Al amanecer del quinto día, Esther logró tomar la decisión que la tenía en vela las últimas cuatro noches. La casa apestaba a mortecina, no podía darle más largas al asunto.
—Es algo macabro— se decía —pero no puedo esperar más.

El chasquido nervioso de su caja de dientes no se escucha por el silbido de la tetera, que le avisa que el agua está lista para su café. Se levanta de la silla del comedor y se dirige a prepararlo mientras sacude su trapo de la cocina para intentar matar
las moscas que se posan sobre la cafetera. En voz muy baja, como si temiera que alguien la escuchara,
comienza a parafrasear a manera de reproche sus pensamientos:
—¡Ay mi viejo!, no debiste terminar así, yo no quería hacerlo—
Se sirve el café, lo huele y se sienta a tomárselo, esperando que éste le de la fuerza necesaria para continuar con su determinación.
Apaga el primer cigarrillo que se fuma del naciente día, bota la colilla y recoge el platico que guardaba las cenizas y las riega sobre la penca sábila que hay en la ventana. Con el café en la mano, aleja la vista por la ventana percibiendo los primeros rayos del sol. Mira hacía su jardín y observa con cariño sus pequeñas plantas de café que ya han cogido la fuerza suficiente para sostenerse y dar frutos.
—Ellas serían un buen refugio— piensa Esther y se termina el café. Suspira y sale de la cocina. Acostumbrada al uso del tapabocas, se lo pone nuevamente con la esperanza que le mitigue el olor a podredumbre que emana su cuarto, entra en él, y con desolación, mira el cuerpo inerte de Daniel, su esposo, que yace en la misma cama que compartieron por más de cuarenta años.

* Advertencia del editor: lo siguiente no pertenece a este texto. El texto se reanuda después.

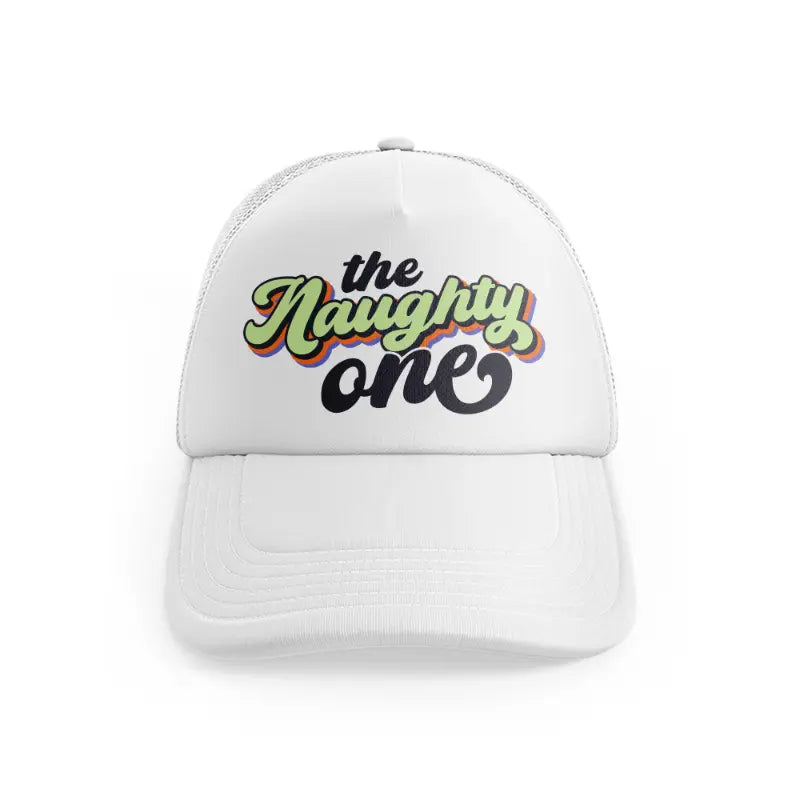 the naughty one white trucker hat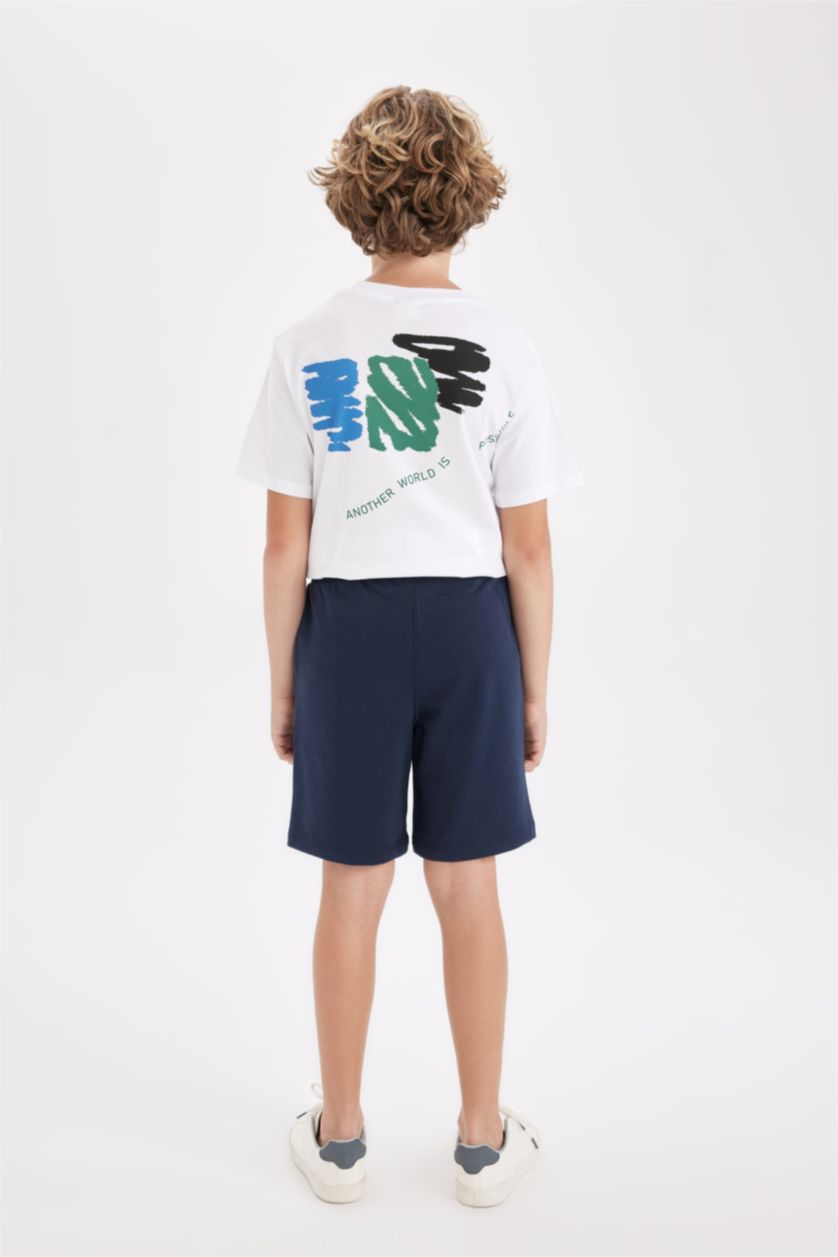 Erkek Çocuk - Genç Erkek Lacivert Erkek Çocuk Baskılı Şort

—No puedo arrastrarlo así— se dice a sí misma — Debo llevarlo por partes.
Sale hacía el patio en busca de su machete. Vuelve al cuarto con él y comienza lo que sería un festín carnicero. Luego de cuatro largas horas, cansada

por el peso del machete, la resistencia articular del cadáver, el vómito producido y el cuestionamiento moral, empaca en una bolsa de plástico —de esas que venden para la basura— las partes superiores de Daniel, después, envuelve en una sábana las partes restantes que más pesan. Sale con ellas arrastrándolas hacía el jardín junto con un arsenal de moscas que la persiguen. El atardecer se hace presente y Esther agotada, tira al suelo, al lado de las bolsas y la sábana, la pica y la pala que le sacaron ampollas en sus añejadas manos. Arrastra nuevamente los bultos de lo que algún día fue su esposo y los lanza con esfuerzo a la fosa que abrió entre los cafetos.
Se sienta a esperar que el sol desaparezca. Enciende un cigarrillo Pielroja y con la última bocana dice:
—Aquí en nuestro jardín, podremos estar juntos para el resto de mi vida.